According to a release from the Lufkin Police Department, an officer was working traffic on Loop 287 around 11 a.m. Sunday, February 2nd, when he came across a white Chevy Tahoe reported stolen out of South Carolina. He initiated a traffic stop on the SUV near the DPS office on Loop 287, but the driver refused to stop.

The vehicle continued on at a high rate of speed on Loop 287, taking a right turn on Raguet Street headed inbound toward Downtown Lufkin. From Raguet, the vehicle turned right onto Angelina Street and continued onto Feagin Drive toward Loop 287.

At the intersection, the vehicle turned left onto Loop 287 and headed northbound. An officer attempted to spike the vehicle’s tires as it neared Ellen Trout Zoo, but he was unsuccessful. The vehicle took the Kurth Drive exit and the driver stuck his hand out of the window, motioning that he was going to stop.

Officers then performed a high-risk traffic stop on the vehicle and identified the driver as 24-year-old Donny Grammar of New Ellenton, South Carolina. His passenger was Rebekah Clark, 26, of Aiken, South Carolina. Grammar admitted that he stole the vehicle from a friend.

A search of the vehicle uncovered six guns – two of which had been reported stolen, counterfeit money and a black pouch containing a scale, baggies, needles and nine grams of methamphetamine. One of the needles contained a clear liquid. A pink pouch was also found in the back seat that contained more needles. Clark was charged with possession of drug paraphernalia for that pouch.

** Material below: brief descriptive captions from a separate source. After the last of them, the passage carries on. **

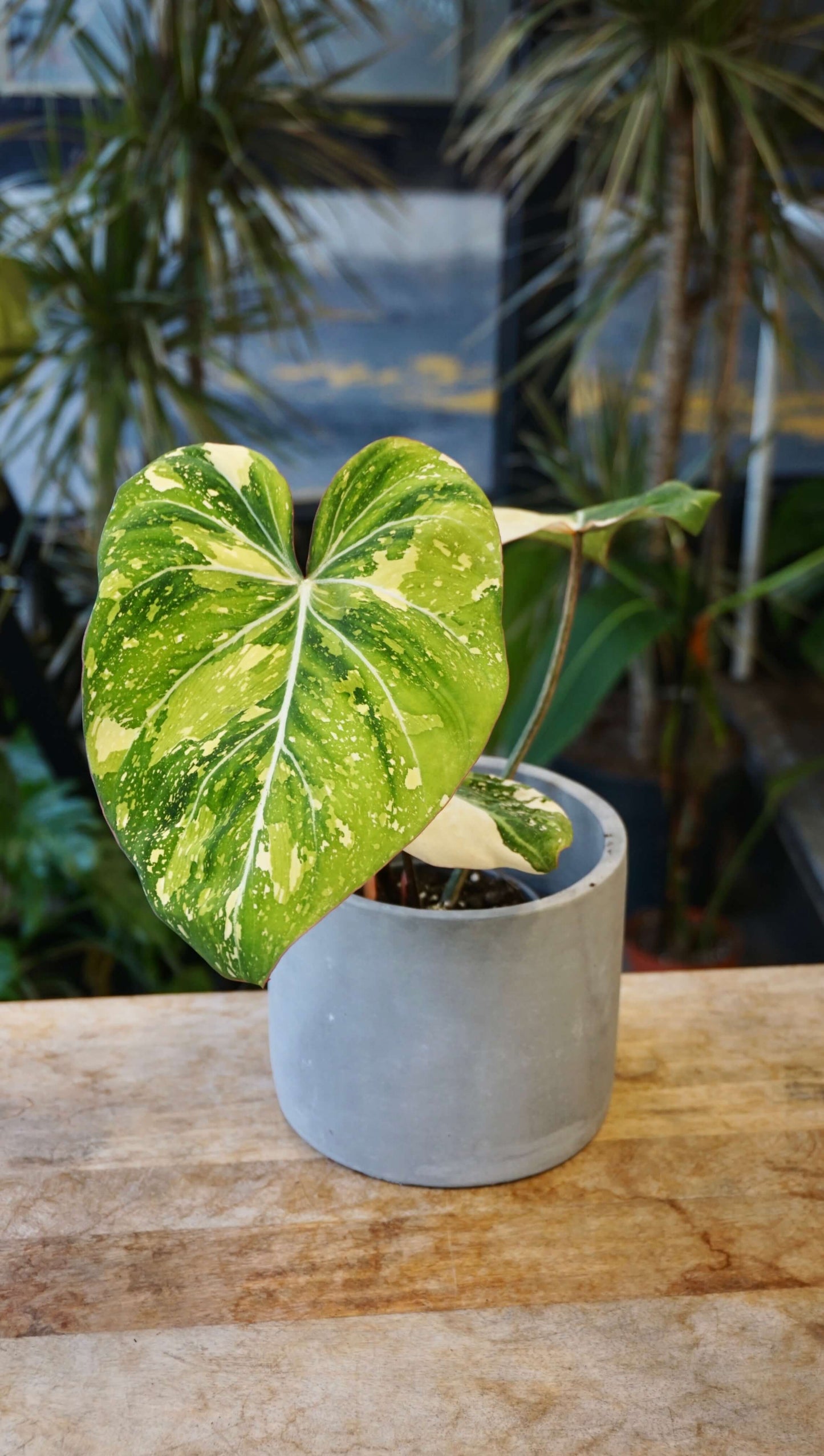 Philodendron Gloriosum Tricolore studio plantes rares jungle jardinerie strasbourg rare plant shop online pflanzen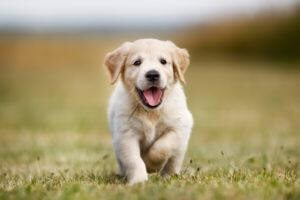 running-puppy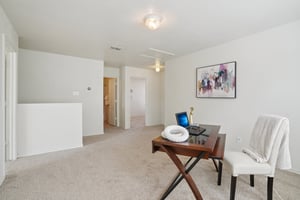 Appaloosa Run-S1511-023 (2).jpg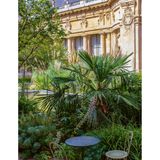 Hinter dem goldenen Tor des Petit Palais wartet mehr als große Kunst von Rembrandt, Monet und Pissarro. Wer den prunkvollen Eingang des Museums der Schönen Künste der Stadt Paris passiert, findet sich in einer friedlichen Oase wieder: Der üppig bepflanzte, halbkreisförmige Innenhof ist unbedingt einen Besuch wert. Palmen, Kirschbäume und hohe Gräser säumen ein gemauertes Wasserbecken, umgeben von einem Säulengang mit kunstvollem Mosaikboden. Für eine gemütliche Auszeit nahe den belebten Champs-Élysées stehen hier sogar Liegestühle bereit. Kaffee und Mittagessen gibt es im Café 1902 am Rand des Gartens. 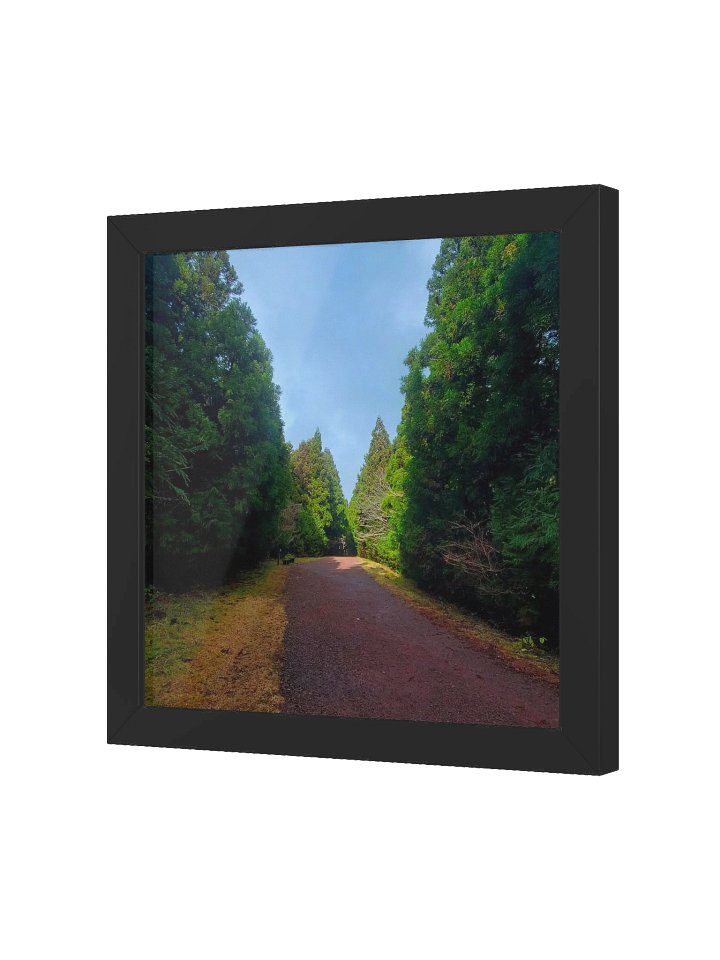 The Path product image (2)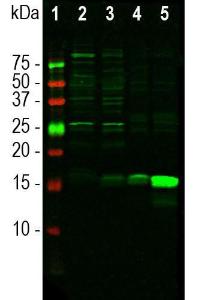 Western blot analysis of different tissu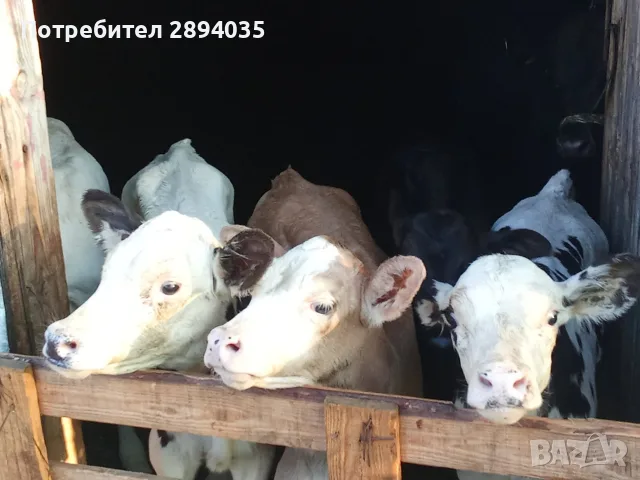 бозайници 6 бройки , снимка 7 - Крави - 55800680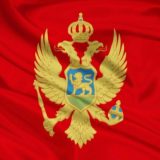 Brojni izazovi za profesionalni rad i ekonomski opstanak novinara i medija u Crnoj Gori 12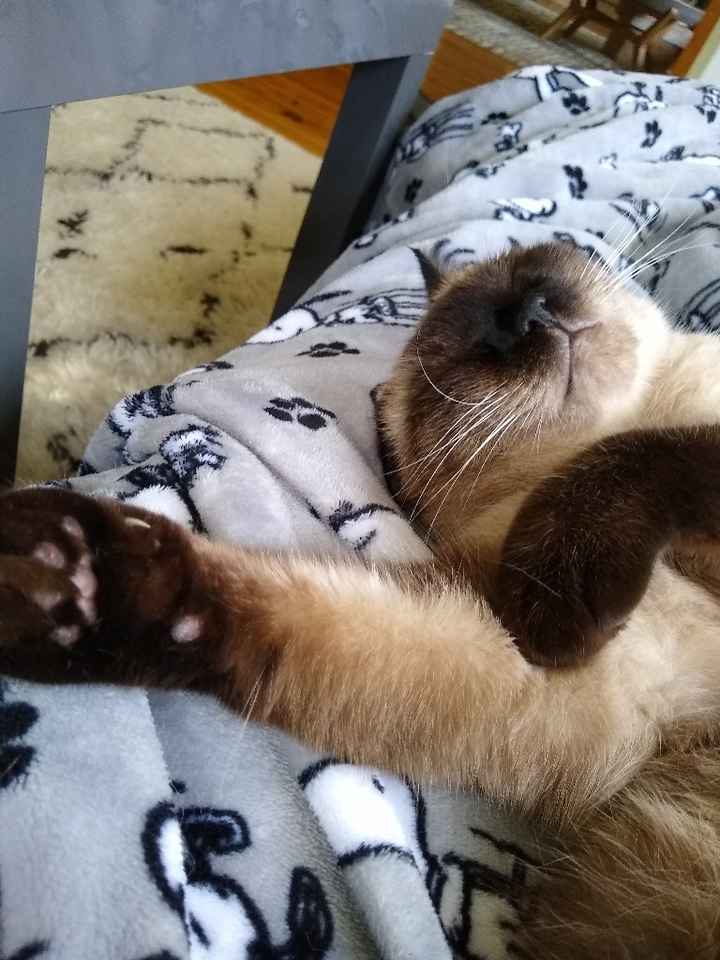 Show me your fur babies you and your SO have together! - 1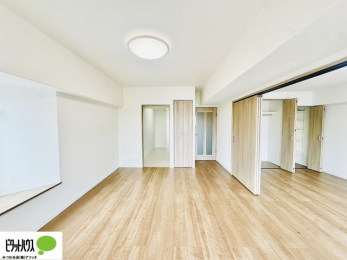 rO@̑傫ȃ\t@uĂfӏ܂ǂłˁB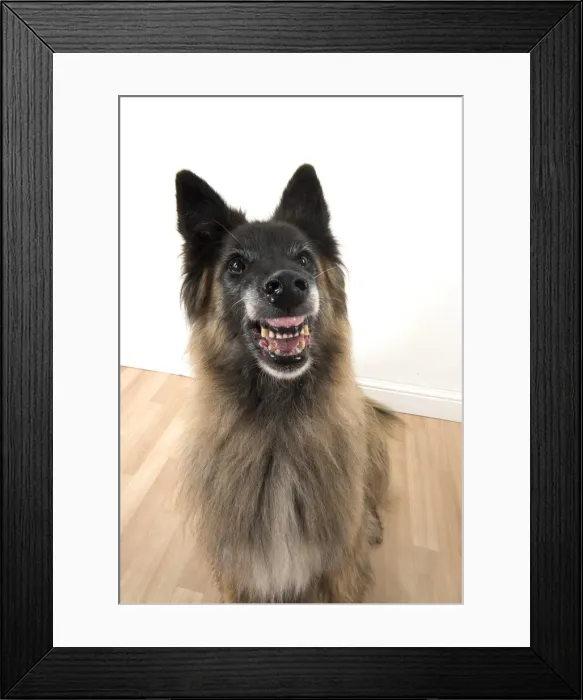 Framed Print : Picture No. 11993073 Framed Print : Picture No. 11993073
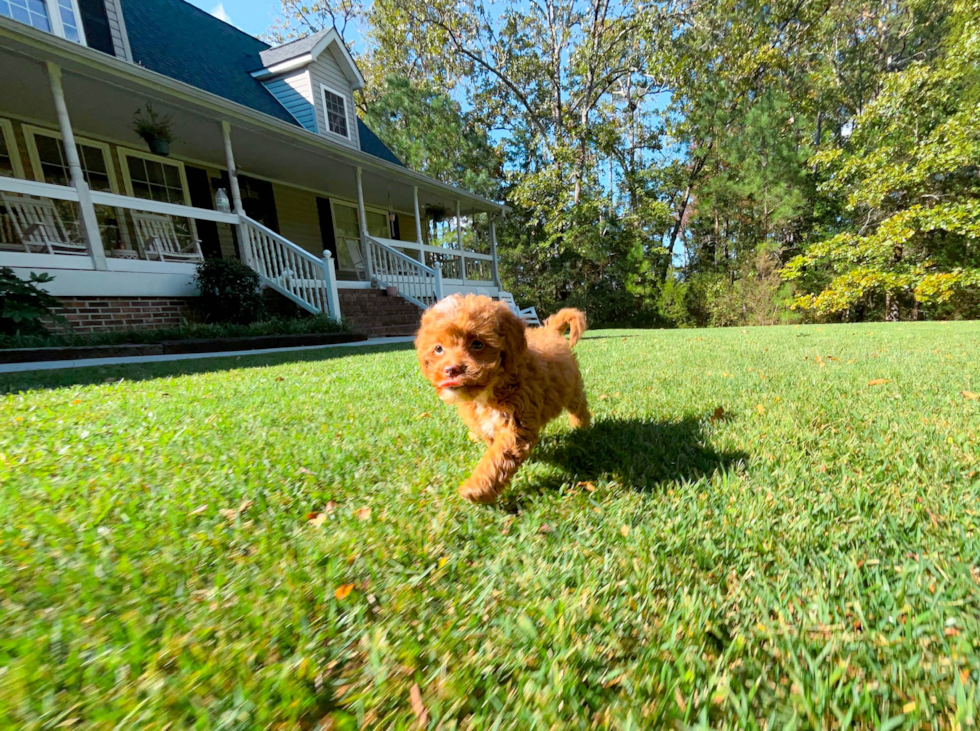 Cute Cavapoo Baby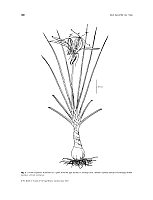  no thumbnail available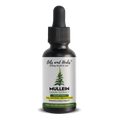 Oils & Herbs - Mullein Leaf Tincture – Alcohol-Free Liquid Extract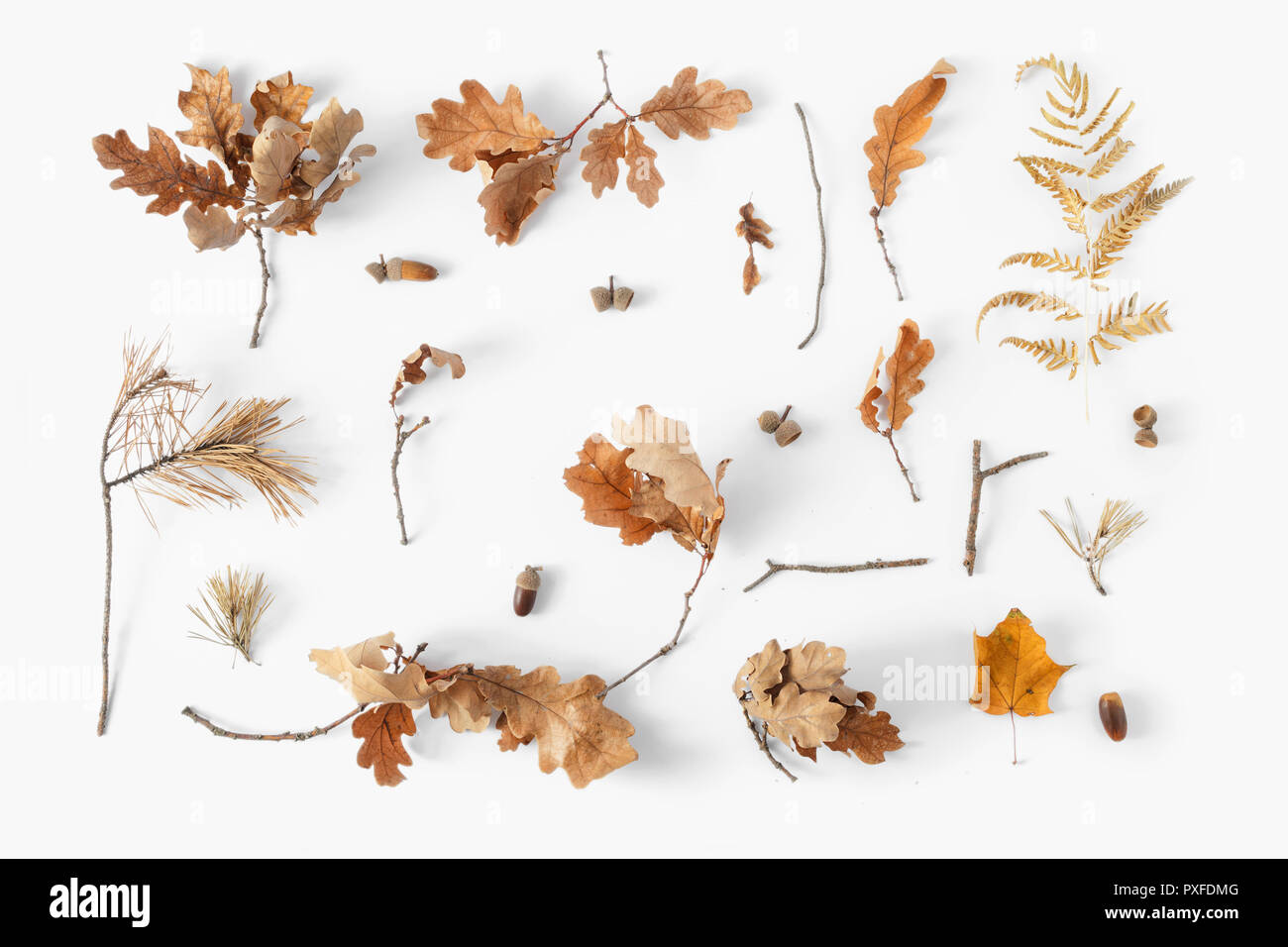 Vista dall'alto vari foglie essiccate, ghiande e pino asciutto su sfondo bianco. Autunno Autunno concetto laici piana. Composizione di autunno Foto Stock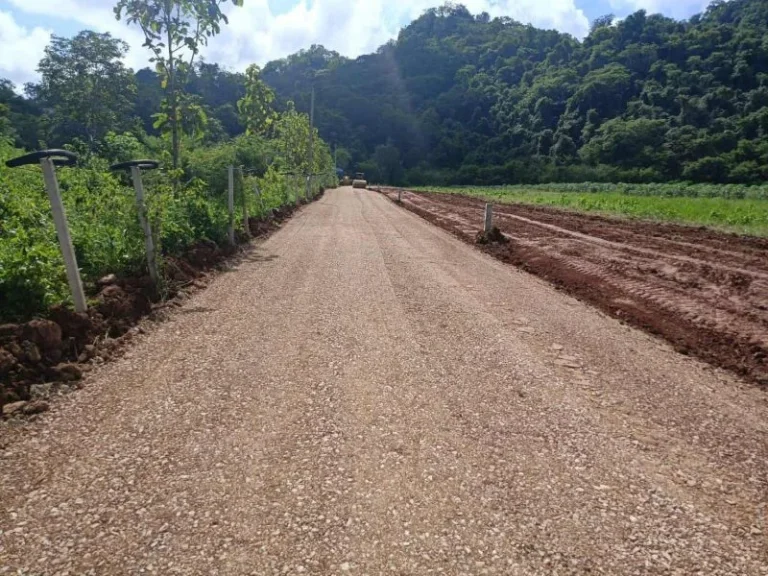 ขายที่ดินเขาใหญ่ 200 ตรว ในโครงการคริสตัลฮิลล์2 วิวเขา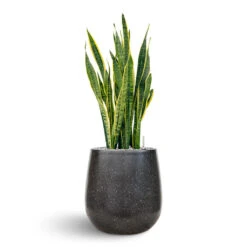 Terrazzo Balloon Planter - Black 12 Terrazzo Balloon Planter - Black -Indoor Plant Store Sanseveria Terrazo Balloon Black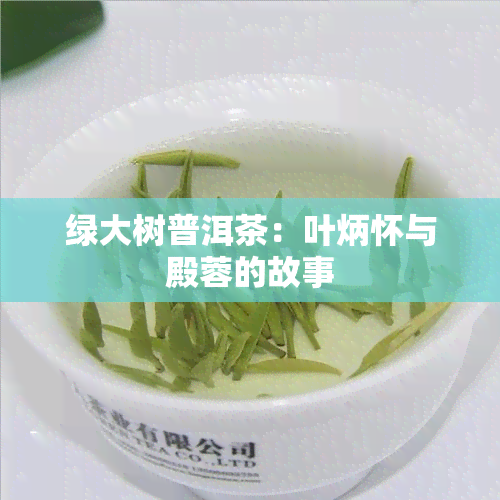 绿大树普洱茶：叶炳怀与殿蓉的故事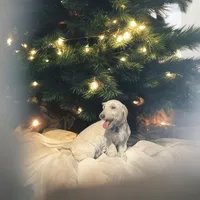 Dennis, a male Doxiepoo for sale in Ocala, FL – Photo 1 of 4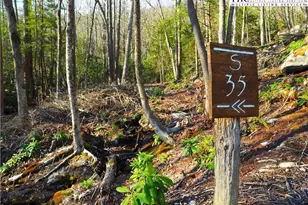 S35 Sky Rock Dr, Banner Elk, NC 28622 - Photo 1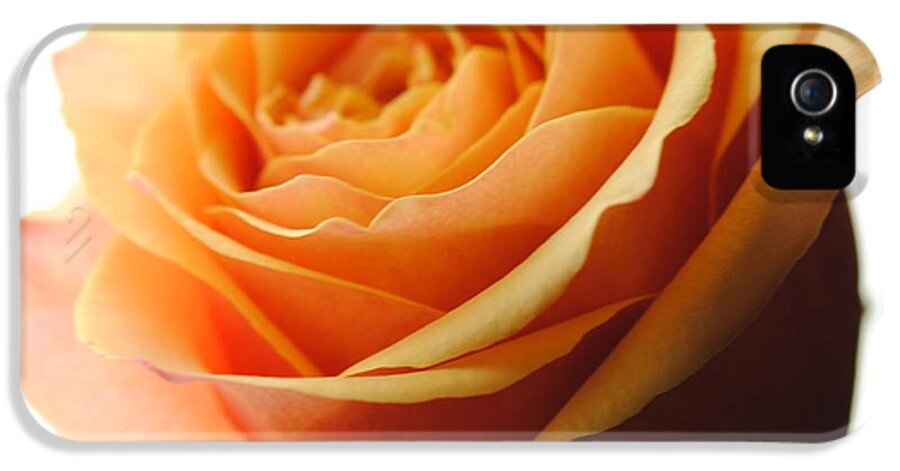 Orange Rose On White - Phone Case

The chase lasted roughly 14 minutes and reached speeds in excess of 100 mph. Angelina County Sheriff’s Office and the Texas Department of Public Safety assisted in the incident.

Grammar was charged with evading arrest with a vehicle, unauthorized use of a motor vehicle, delivery of a controlled substance and forgery of a financial instrument. He remains in the Angelina County Jail while Clark was released on bond.

Lufkin Police would like to remind everyone that the Texas Transportation Code states you must “YIELD” i.e. “PULLOVER” for emergency vehicles. Here are a few safety tips that apply when an emergency vehicle is approaching from behind:

  • Slow down and check the flow of traffic around you.
  • If you’re the lead vehicle, put your hazard lights on so cars behind you know there’s an emergency ahead.
  • Utilize your turn signal and pull over as far to the right as you can, so the emergency vehicle can pass you. It is important to drive as safely as possible so you don’t cause an accident or disrupt traffic further.
  • Pull back onto the road only after the emergency vehicle is a safe distance ahead of you.
  • Stay at least 500 feet behind any emergency vehicle with its lights on.

Remember that the law applies to all emergency vehicles – police, fire and EMS.